§ **Description of the task**:
Transcribe the entries in full, keeping each word as it is.

(Exercise input Opens)

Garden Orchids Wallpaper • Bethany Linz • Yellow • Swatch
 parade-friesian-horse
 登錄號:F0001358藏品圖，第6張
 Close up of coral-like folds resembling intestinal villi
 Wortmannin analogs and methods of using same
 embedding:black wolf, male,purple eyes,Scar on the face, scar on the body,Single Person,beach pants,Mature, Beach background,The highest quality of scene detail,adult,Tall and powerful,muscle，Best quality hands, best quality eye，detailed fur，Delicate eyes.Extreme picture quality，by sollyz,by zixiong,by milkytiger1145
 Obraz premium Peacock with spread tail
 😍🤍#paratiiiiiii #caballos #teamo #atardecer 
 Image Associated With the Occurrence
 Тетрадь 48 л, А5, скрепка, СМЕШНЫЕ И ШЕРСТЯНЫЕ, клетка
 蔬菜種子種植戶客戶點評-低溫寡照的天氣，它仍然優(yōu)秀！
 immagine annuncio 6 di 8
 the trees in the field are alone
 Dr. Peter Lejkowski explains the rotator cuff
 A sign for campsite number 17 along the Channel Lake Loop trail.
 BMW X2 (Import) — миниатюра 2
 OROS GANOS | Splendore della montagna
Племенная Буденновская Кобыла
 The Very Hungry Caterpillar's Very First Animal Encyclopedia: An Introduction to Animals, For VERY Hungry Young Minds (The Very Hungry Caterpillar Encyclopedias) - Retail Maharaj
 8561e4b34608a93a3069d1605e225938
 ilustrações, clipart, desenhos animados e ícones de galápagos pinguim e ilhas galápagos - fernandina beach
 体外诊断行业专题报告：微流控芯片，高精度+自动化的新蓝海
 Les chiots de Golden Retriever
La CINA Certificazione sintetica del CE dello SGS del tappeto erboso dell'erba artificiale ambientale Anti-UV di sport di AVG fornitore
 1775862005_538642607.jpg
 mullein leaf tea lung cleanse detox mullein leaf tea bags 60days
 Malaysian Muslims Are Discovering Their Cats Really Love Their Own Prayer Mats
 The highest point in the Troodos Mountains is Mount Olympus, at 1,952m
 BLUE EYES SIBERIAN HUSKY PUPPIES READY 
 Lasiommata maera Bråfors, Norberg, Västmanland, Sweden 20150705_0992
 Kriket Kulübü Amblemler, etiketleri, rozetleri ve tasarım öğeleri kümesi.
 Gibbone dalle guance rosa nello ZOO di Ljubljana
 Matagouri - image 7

(Exercise input Closes)

§ **Answer space**:
Garden Orchids Wallpaper • Bethany Linz • Yellow • Swatch
 parade-friesian-horse
 登錄號:F0001358藏品圖，第6張
 Close up of coral-like folds resembling intestinal villi
 Wortmannin analogs and methods of using same
 embedding:black wolf, male,purple eyes,Scar on the face, scar on the body,Single Person,beach pants,Mature, Beach background,The highest quality of scene detail,adult,Tall and powerful,muscle，Best quality hands, best quality eye，detailed fur，Delicate eyes.Extreme picture quality，by sollyz,by zixiong,by milkytiger1145
 Obraz premium Peacock with spread tail
 😍🤍#paratiiiiiii #caballos #teamo #atardecer 
 Image Associated With the Occurrence
 Тетрадь 48 л, А5, скрепка, СМЕШНЫЕ И ШЕРСТЯНЫЕ, клетка
 蔬菜種子種植戶客戶點評-低溫寡照的天氣，它仍然優(yōu)秀！
 immagine annuncio 6 di 8
 the trees in the field are alone
 Dr. Peter Lejkowski explains the rotator cuff
 A sign for campsite number 17 along the Channel Lake Loop trail.
 BMW X2 (Import) — миниатюра 2
 OROS GANOS | Splendore della montagna
Племенная Буденновская Кобыла
 The Very Hungry Caterpillar's Very First Animal Encyclopedia: An Introduction to Animals, For VERY Hungry Young Minds (The Very Hungry Caterpillar Encyclopedias) - Retail Maharaj
 8561e4b34608a93a3069d1605e225938
 ilustrações, clipart, desenhos animados e ícones de galápagos pinguim e ilhas galápagos - fernandina beach
 体外诊断行业专题报告：微流控芯片，高精度+自动化的新蓝海
 Les chiots de Golden Retriever
La CINA Certificazione sintetica del CE dello SGS del tappeto erboso dell'erba artificiale ambientale Anti-UV di sport di AVG fornitore
 1775862005_538642607.jpg
 mullein leaf tea lung cleanse detox mullein leaf tea bags 60days
 Malaysian Muslims Are Discovering Their Cats Really Love Their Own Prayer Mats
 The highest point in the Troodos Mountains is Mount Olympus, at 1,952m
 BLUE EYES SIBERIAN HUSKY PUPPIES READY 
 Lasiommata maera Bråfors, Norberg, Västmanland, Sweden 20150705_0992
 Kriket Kulübü Amblemler, etiketleri, rozetleri ve tasarım öğeleri kümesi.
 Gibbone dalle guance rosa nello ZOO di Ljubljana
 Matagouri - image 7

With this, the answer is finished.